EXERCISE PROMPT: Could you repeat, word for word, the line with "Tummy Tuck: Patient 31 - Before and After 5" and every line after it in the records below, leaving out any pictures?

Crawled caption data:

^^^^^^^^^^^^^^^^

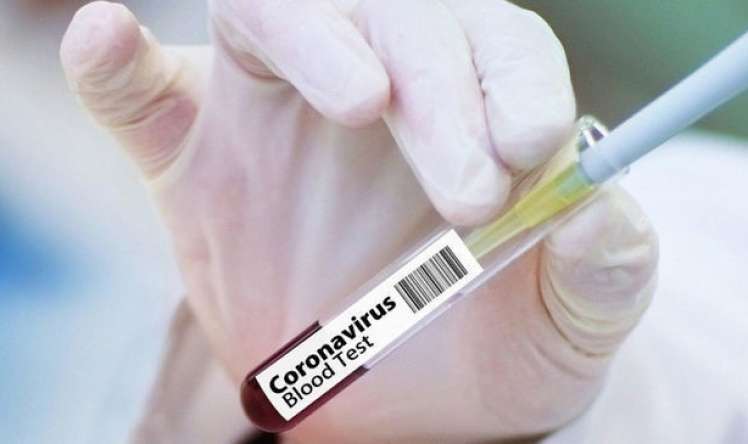 Bu ölkədə 357 nəfərə səhvən koronavirus diaqnozu qoyuldu 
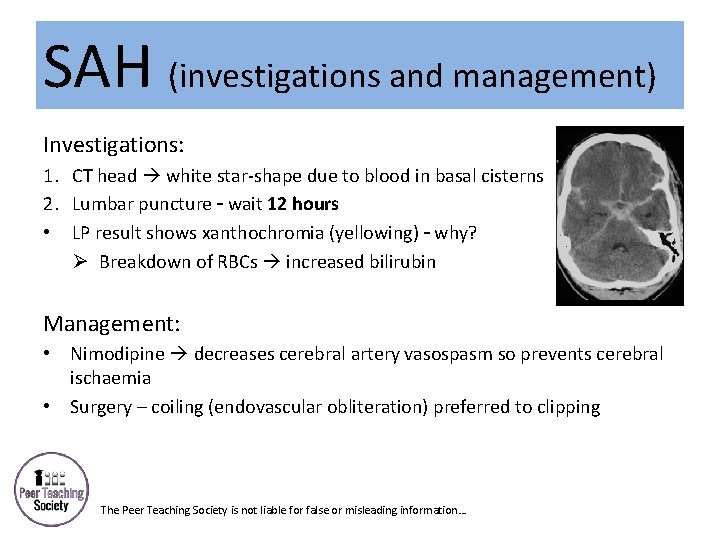 SAH (investigations and management) Investigations: 1. CT head white star-shape due to blood in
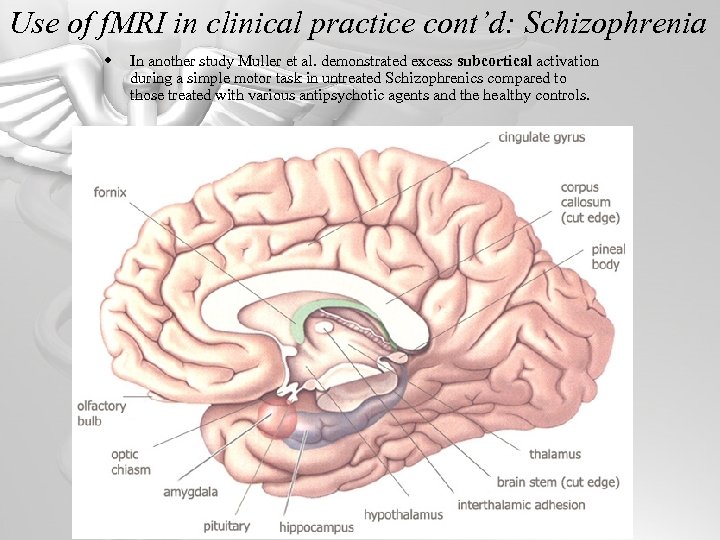 Use of f. MRI in clinical practice cont’d: Schizophrenia w In another study Muller
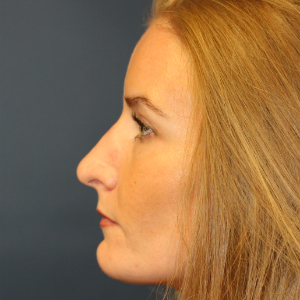 35-44 year old woman treated with Rhinoplasty before 3559724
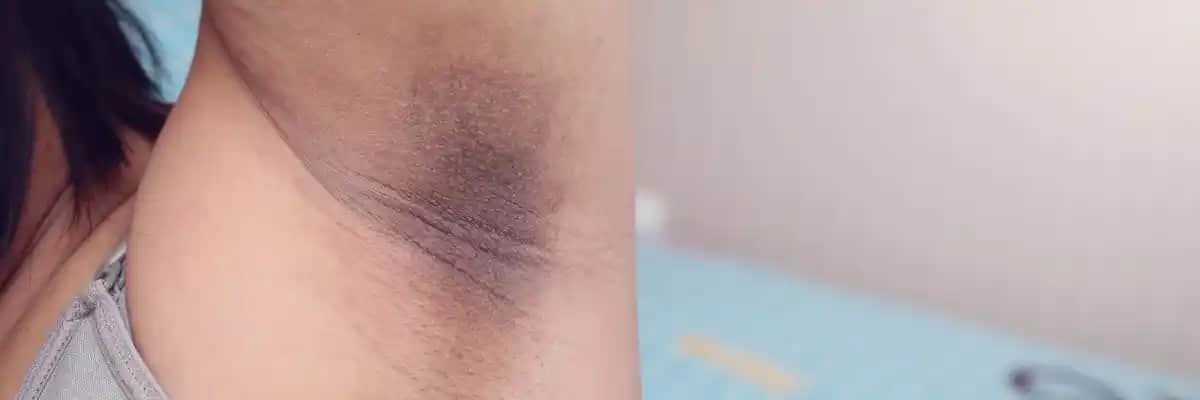 Koltuk Altı Kararması Nedenleri Çözümleri ve Önleyici Yöntemler Hakkında Bilgi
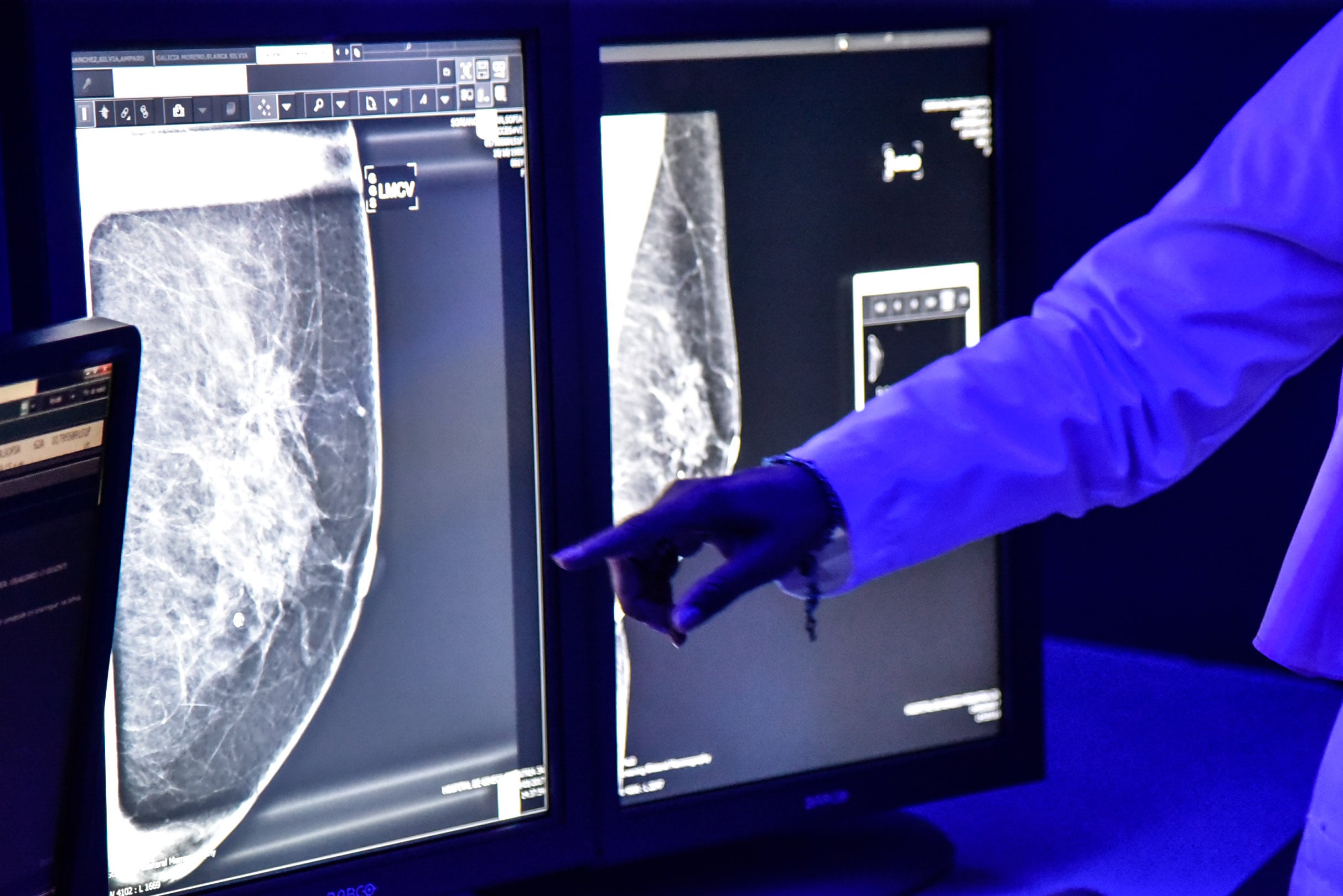 Con la vacuna, Lee Mercker, logró eliminar de su cuerpo las células cancerígenas.
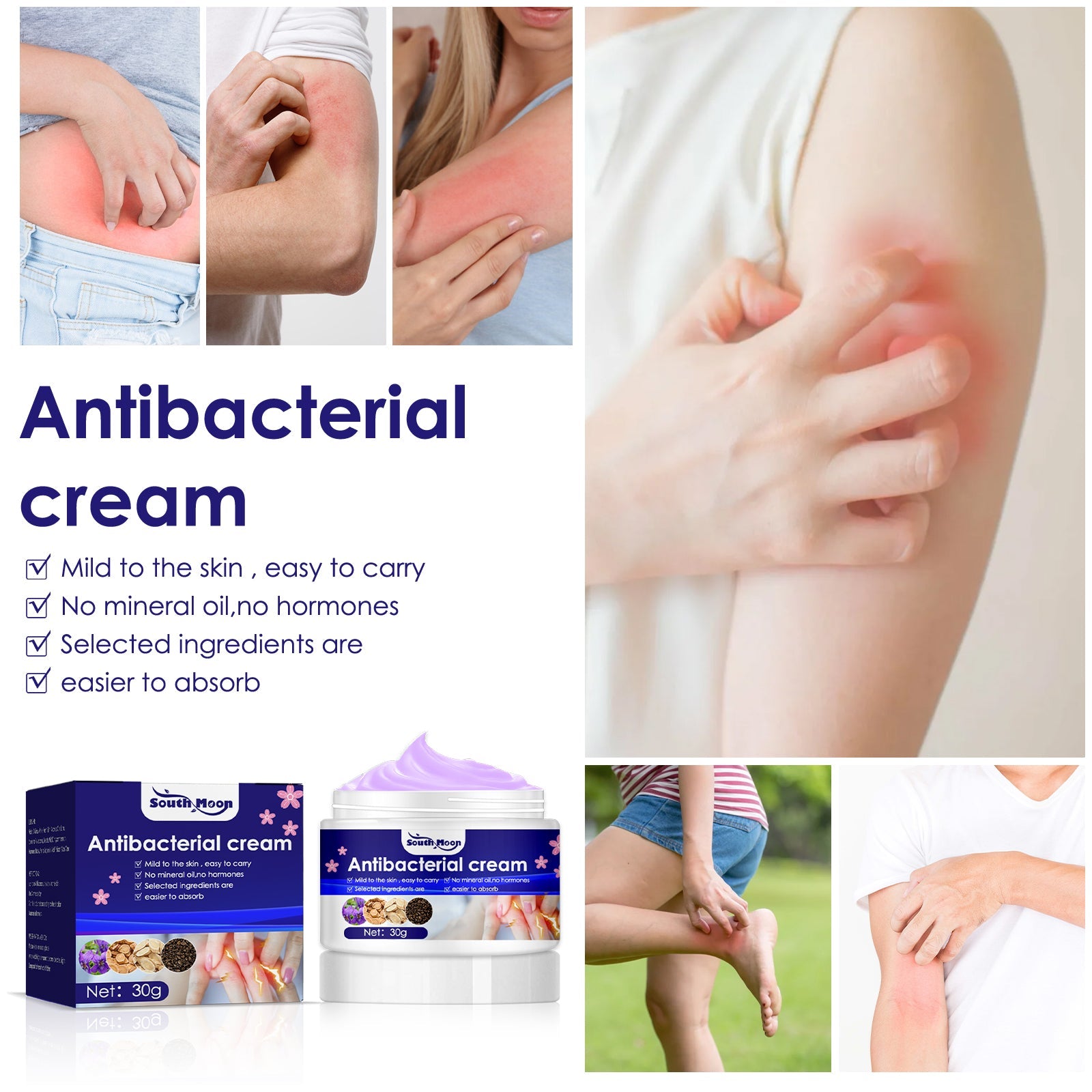 Composite showing packaging and product, followed by before/after close-up comparison of skin on inner arm—left image shows red, irritated patch; right image shows same area significantly calmed and evening out in tone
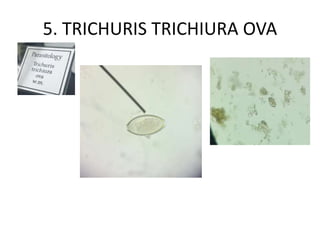 5. TRICHURIS TRICHIURA OVA
 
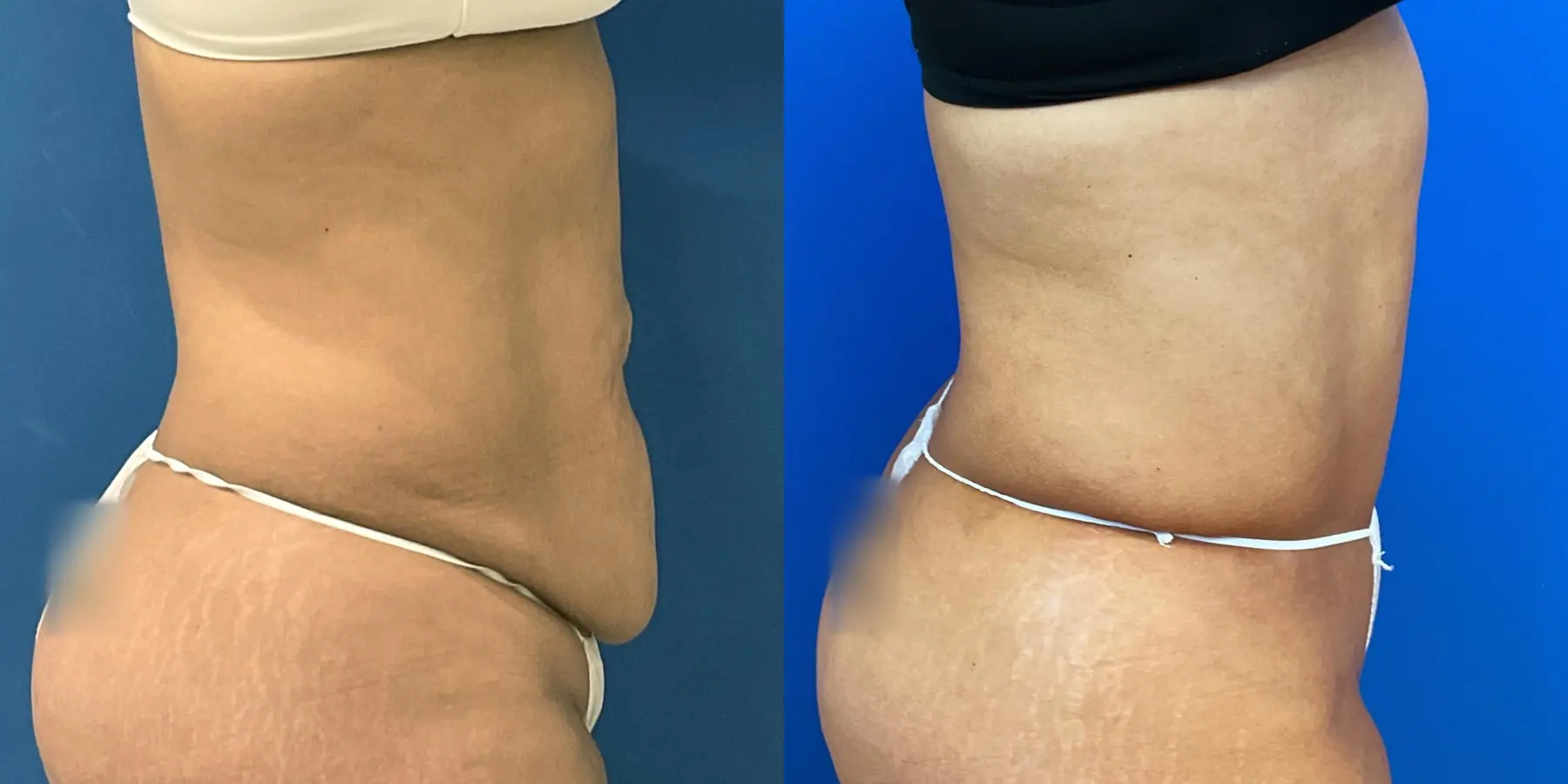 Tummy Tuck: Patient 31 - Before and After 5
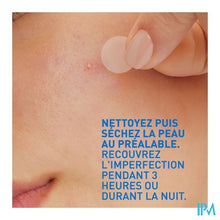 Afbeelding in Gallery-weergave laden, Cerave A/onzuiverheden Patches 22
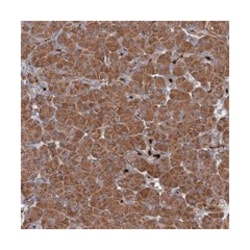 CCDC102A Rabbit anti-Human, Polyclonal Antibody, Abnova 100&mu;L; Unlabeled:Antibodies,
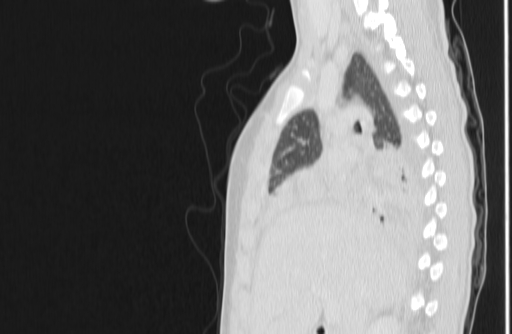Bronchial mucoepidermoid carcinoma (Radiopaedia 57023-63895 Sagittal lung window 51).jpg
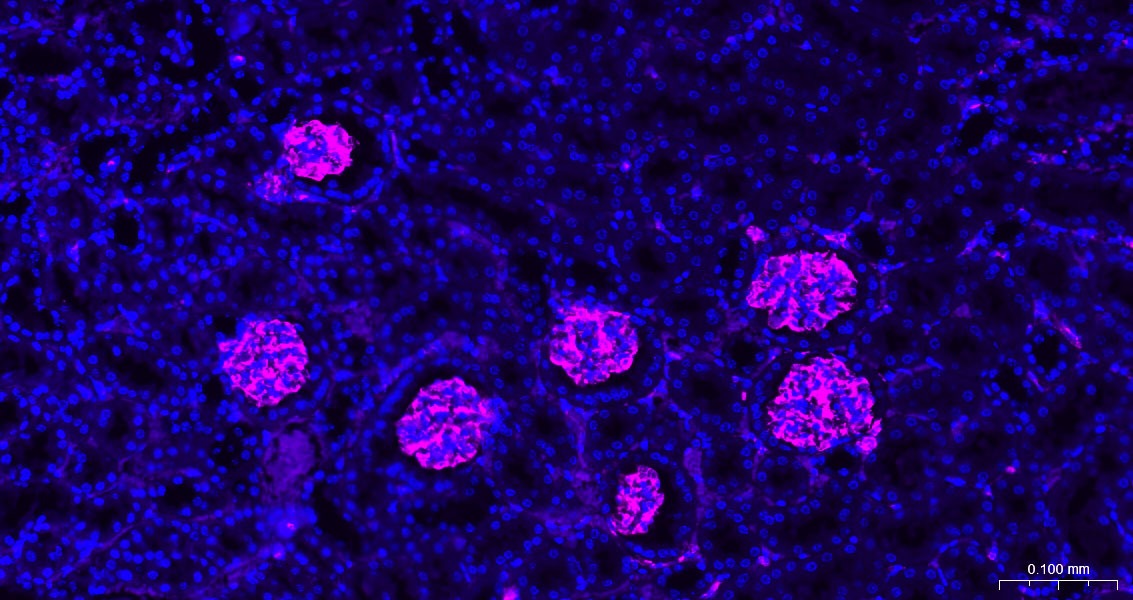 Anti-Vimentin Polyclonal Antibody 3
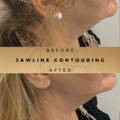 jaw line fillers wilmslow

^^^^^^^^^^^^^^^^

ANSWER SPACE:
 Tummy Tuck: Patient 31 - Before and After 5
 Afbeelding in Gallery-weergave laden, Cerave A/onzuiverheden Patches 22
 CCDC102A Rabbit anti-Human, Polyclonal Antibody, Abnova 100&mu;L; Unlabeled:Antibodies,
Bronchial mucoepidermoid carcinoma (Radiopaedia 57023-63895 Sagittal lung window 51).jpg
 Anti-Vimentin Polyclonal Antibody 3
 jaw line fillers wilmslow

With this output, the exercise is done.